Job: It can be difficult to separate a cipher from a constructed language. Maybe a better question would be, why is the Voynich Manuscript not a natural language? (February 15th, 2016)

Emma: It’s really not better to phrase it that way. I want positive reasons for the Voynich manuscript being a cipher. If folks’ beliefs truly boil down to, “it’s a cipher because I don’t think it’s a language”, then I think the whole side of cipher research on the VM has a serious problem.(February 15th, 2016)

Sam G: As of 2016, nobody has ever developed a cipher capable of replicating even a fraction of the VMS text’s properties, despite the enormous advances in cryptography that have been made since the VMS was produced, and the fact that some of the best cryptographers in the world have worked specifically on the VMS.(February 20th, 2016)

 Anton I would like to mention some arguments in favour of the cipher hypothesis [sic.] *… 1) Here and there the text bears evidence of having been put down not in a single pass. ….  2) There is that curious phenomenon of “gallows coverage” there…..  3) There is at least one label consisting of only one character. … (March 23rd, 2016)

Emma: Of your three points in favour of a cipher, I agree that point 2) is good. But point 1) is ambiguous, and point 3) is incredibly thin.(March 24th, 2016)
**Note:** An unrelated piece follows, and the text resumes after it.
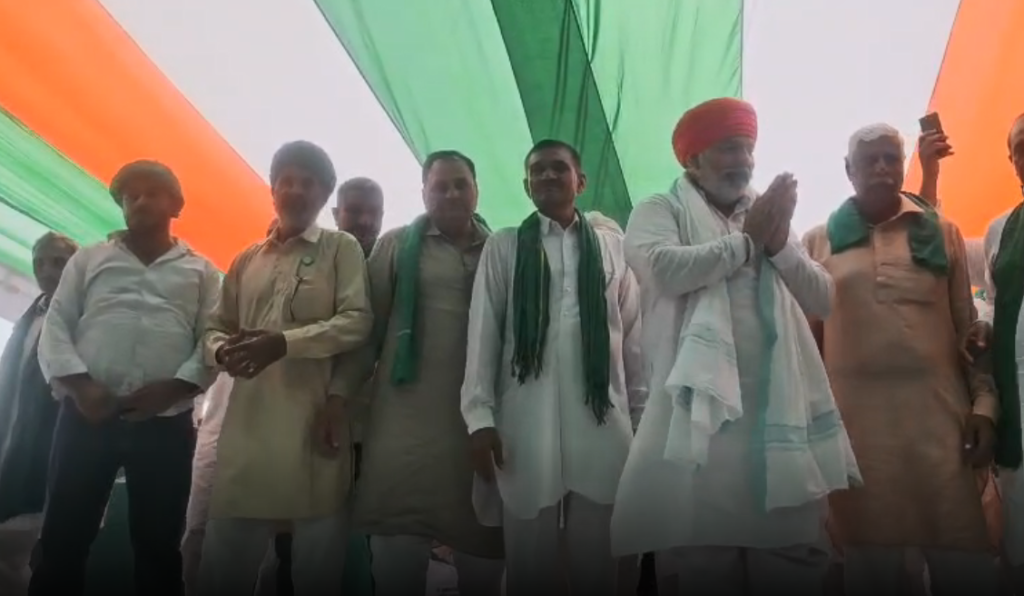 यमुनानगर किसान महापंचायत राकेश टिकैत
Note: *the ‘ciphertext’ was not ever an ‘hypothesis’. From the first it was no more than an assertion, adopted on faith.

See also:

E.M. Smith, ‘Why the Voynich Text is not Linguistic’, Agnostic Voynich (blog) January 5th, 2016

The most reasonable explanation for the apparent gullibility displayed by highly intelligent, professionally competent, and formally trained analytical minds over the decades after 1914 is, I think, the skill with which Wilfrid bundled his ‘cipher text’ idea. It was that which apparently froze his readers’ critical intelligence over this item and several others which also became items of ‘Voynich doctrine’.

Wilfrid-style “bundling”

Between 1912-2012 the three most common topics driving discussion of the manuscript were:

  • (a) the ‘cipher-text’;
  • (b) the ‘Roger Bacon’ tale or that of some other posited  ‘author’.
  • (c) a presumption that the manuscript can only be worthy of study if it is an expression of western Christian (‘Latin’) culture.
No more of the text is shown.